Streven naar unieke, eenvoudig te bereiken elektronische toegangsportalen waar de verschillende elektronische diensten van de overheid overzichtelijk worden samengebracht (zie punt I.2.f Instrumenten, Digitale overheidstoepassingen).
Indien de overheid op die wijze tewerk gaat, zal de digitalisering van de overheid in eerste instantie leiden tot overheidsdiensten van hogere kwaliteit die een geringere inzet van middelen vergen (efficiëntiewinsten):
De hogere kwaliteit zal bestaan uit: Snellere en eenvoudigere procedures Minder fouten of rechtzettingen Digitale bereikbaarheid 7 dagen op 7 en 24u op 24 Een grotere fraudebestendigheid dan de papieren procedures (mits een degelijk omkaderend cybersecurity- en databeschermingsbeleid)

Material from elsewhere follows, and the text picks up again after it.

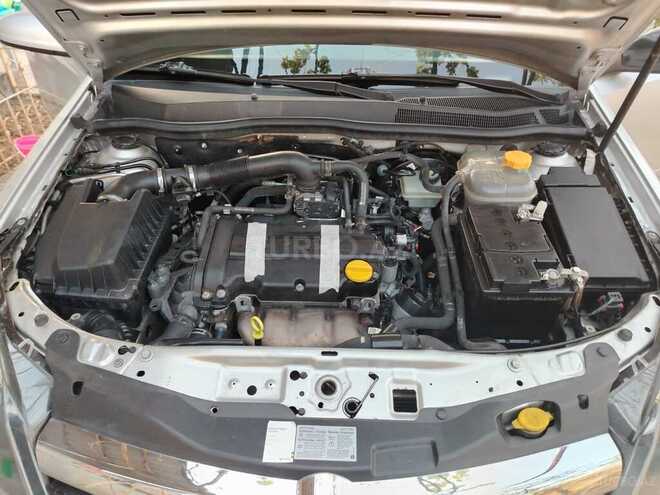 Opel Astra 2005, 270,000 km - 1.4 л - Bakı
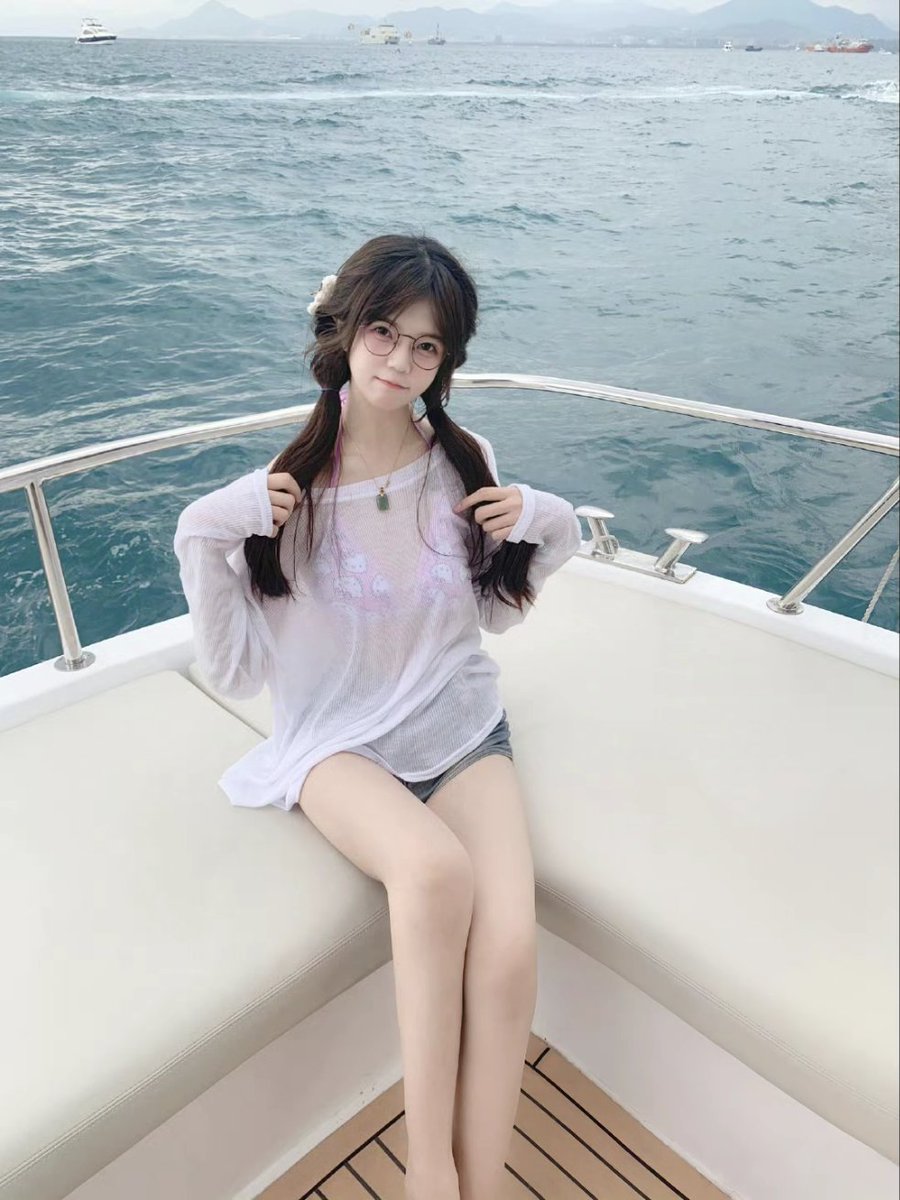 【网友投稿 No.1059】反差眼镜小姐姐 #眼镜娘 #眼镜妹 #投稿 #反差 #投稿曝光 #女友 #女友分享 #女友系列 #女同学 #女同事 https://t.co/o454fRzpbv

De geringere middeleninzet zal tot uiting komen in: Minder personeelsleden nodig voor administratieve taken (en dus meer ruimte voor kerntaken of voor natuurlijke afvloeiing) Minder kantoorruimte nodig voor archivering papieren dossiers of voor het fysiek ontvangen van burgers en bedrijven Een lager papierverbruik
Er moet wel rekening gehouden worden met bijkomende investerings- en elektriciteitskosten voor PC’s, laptops en serverparken. Door optimaal gebruik te maken van synergieën met andere overheidsdiensten kunnen deze echter worden gedrukt.
Ten tweede zal een performant e-gov-beleid ook belangrijke voordelen genereren voor burgers en bedrijven, met name:
Minder tijd nodig voor het invullen van formulieren of aangiftes door het vooraf invullen van gegevens die reeds bij de overheid bekend zijn en door het gebruik van slimme formulieren die wijzen op inconsistenties of ontbrekende data.
Minder tijd en kosten voor verplaatsingen van burgers en bedrijven richting administratie (en voor burgers dus ook minder vakantiedagen hiervoor te gebruiken)
Meer transparantie in het kunnen volgen van de stand van zaken van hangende dossiers (vb. vergunningsaanvragen, fiscale, justitiële of politionele zaken).
Voor bedrijven: lagere (externe of interne) administratiekosten en de mogelijkheid om die middelen of arbeidskrachten in te zetten voor meer operationele doelstellingen.
Ten derde heeft een daadkrachtig e-gov-beleid natuurlijk ook een belangrijk voorbeeld- en katalysatoreffect voor digitalisering in andere sectoren (denk bvb. aan elektronische facturatie, elektronisch kadaster of elektronische ticketing). Hieronder zullen we voor elke van de 4 concrete actiedomeinen een aantal prioritaire verbeteringspistes naar voor schuiven.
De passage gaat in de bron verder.